His reinstatement lasted a mere six months. A ruling by the Supreme Court of Appeals on 7 September resulted in the dismissal of several members of staff, including Sabuncu. A new board was appointed and with it came a shift in editorial policy. Those who took control of the paper were none other than the people who testified against Cumhuriyet staff in the first place. Around 30 journalists and writers — some of whom had also been in jail — resigned in protest.
Cumhuriyet had been split between competing factions for years: a group of left-wing nationalists, who saw themselves as defenders of the Atatürkist doctrine, and another group consisting of journalists and writers ranging from social democrats to socialists who are much more critical of the country’s official ideology, particularly on the Kurdish issue.

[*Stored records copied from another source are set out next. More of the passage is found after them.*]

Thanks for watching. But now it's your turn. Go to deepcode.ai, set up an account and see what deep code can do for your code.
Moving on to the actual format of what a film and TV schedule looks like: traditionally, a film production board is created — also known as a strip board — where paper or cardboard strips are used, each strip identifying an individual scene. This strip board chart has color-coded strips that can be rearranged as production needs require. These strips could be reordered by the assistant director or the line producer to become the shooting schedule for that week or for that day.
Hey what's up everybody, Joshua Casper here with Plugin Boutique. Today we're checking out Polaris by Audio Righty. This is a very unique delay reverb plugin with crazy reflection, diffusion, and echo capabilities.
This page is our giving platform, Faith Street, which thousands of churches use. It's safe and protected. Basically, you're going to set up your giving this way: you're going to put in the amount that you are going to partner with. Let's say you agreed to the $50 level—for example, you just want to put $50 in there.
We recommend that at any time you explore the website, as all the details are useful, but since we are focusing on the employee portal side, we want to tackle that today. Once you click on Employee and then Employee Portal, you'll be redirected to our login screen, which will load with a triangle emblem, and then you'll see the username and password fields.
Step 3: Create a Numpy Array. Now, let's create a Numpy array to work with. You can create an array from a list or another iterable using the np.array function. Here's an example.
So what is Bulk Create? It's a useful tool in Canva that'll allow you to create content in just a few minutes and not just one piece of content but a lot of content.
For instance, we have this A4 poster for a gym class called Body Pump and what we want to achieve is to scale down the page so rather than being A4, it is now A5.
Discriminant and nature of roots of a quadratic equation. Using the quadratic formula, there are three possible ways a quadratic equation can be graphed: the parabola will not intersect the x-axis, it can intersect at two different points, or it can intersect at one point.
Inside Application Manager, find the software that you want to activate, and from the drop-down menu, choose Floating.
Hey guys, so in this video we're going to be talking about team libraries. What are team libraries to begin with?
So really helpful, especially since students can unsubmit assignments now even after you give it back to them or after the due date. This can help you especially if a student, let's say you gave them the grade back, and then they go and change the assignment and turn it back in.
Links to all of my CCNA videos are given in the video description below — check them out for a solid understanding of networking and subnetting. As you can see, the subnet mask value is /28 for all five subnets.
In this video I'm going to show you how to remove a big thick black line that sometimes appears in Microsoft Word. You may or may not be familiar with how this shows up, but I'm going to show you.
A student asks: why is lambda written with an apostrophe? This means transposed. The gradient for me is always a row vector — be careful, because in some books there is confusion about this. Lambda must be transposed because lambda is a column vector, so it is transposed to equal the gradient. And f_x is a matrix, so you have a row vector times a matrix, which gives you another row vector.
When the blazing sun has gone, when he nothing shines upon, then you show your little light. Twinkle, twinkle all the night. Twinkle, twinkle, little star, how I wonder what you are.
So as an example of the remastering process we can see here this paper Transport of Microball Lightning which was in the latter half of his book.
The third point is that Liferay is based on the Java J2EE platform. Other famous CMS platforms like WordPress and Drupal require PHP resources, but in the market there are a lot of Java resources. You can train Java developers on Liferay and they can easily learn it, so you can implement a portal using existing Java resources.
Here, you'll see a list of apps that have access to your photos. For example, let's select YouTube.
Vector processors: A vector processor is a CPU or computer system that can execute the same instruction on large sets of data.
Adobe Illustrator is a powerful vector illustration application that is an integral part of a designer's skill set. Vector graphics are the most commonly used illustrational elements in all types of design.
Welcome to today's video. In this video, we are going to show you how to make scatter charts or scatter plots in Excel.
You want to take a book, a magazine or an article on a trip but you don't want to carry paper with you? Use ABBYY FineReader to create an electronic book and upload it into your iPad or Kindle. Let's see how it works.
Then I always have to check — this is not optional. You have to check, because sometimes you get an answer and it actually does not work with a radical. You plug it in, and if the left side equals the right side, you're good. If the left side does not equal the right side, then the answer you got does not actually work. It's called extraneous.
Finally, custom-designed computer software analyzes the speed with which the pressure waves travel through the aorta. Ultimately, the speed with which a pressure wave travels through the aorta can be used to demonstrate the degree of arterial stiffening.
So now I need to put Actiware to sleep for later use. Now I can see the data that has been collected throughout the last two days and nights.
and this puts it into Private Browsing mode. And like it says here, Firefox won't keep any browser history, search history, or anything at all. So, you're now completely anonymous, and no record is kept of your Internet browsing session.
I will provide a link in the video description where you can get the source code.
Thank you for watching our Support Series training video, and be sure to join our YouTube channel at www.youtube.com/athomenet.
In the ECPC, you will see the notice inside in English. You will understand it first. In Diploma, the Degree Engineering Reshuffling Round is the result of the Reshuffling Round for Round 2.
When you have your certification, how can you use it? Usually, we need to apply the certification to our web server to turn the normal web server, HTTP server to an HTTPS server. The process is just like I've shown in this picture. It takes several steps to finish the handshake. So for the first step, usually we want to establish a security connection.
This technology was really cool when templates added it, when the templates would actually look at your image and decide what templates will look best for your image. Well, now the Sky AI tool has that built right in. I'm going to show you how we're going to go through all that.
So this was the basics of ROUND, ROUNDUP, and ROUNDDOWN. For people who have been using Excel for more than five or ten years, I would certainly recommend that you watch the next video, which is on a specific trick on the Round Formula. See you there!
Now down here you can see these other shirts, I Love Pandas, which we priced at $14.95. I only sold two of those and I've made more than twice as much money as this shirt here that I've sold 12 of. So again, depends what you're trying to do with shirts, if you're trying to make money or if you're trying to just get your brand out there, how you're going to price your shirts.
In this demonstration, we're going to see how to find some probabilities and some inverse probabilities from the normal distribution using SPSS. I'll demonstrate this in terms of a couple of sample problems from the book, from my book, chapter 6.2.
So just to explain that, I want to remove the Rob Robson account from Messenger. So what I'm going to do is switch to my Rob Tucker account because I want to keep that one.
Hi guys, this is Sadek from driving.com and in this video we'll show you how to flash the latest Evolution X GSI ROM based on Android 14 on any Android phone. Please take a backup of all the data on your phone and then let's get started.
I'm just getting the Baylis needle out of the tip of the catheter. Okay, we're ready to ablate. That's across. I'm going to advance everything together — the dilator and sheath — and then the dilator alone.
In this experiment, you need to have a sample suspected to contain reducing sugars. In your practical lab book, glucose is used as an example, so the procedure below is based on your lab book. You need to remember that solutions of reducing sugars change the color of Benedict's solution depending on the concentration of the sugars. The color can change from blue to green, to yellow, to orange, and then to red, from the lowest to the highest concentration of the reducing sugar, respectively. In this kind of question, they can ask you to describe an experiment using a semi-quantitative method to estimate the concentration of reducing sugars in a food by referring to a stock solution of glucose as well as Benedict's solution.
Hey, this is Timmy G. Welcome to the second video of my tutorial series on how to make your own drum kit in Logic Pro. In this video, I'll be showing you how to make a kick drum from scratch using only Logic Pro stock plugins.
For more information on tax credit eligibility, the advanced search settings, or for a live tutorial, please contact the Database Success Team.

That feud has only escalated in recent years as Turkey has become increasingly polarised, not just between religious and secular, but also between nationalists, including within the Islamic community, and those who demand a confrontation with the dark pages of the country’s history.
A key question is whether the latest change in management is a natural consequence of the divide or part of the government’s continued efforts to silence a powerful oppositional voice – especially at a time when the judiciary’s independence is routinely up for debate.
Ahmet Şık, a prominent and outspoken journalist, recently turned MP for the pro-Kurdish Peoples’ Democratic Party (HDP), has no doubts about the answer. “Those who are claiming to have liberated Cumhuriyet are the same ones who collaborated with people who arrested us, threw us in prison by serving as false witnesses,” Şık tweeted. “They are no better than those who have looted this country.”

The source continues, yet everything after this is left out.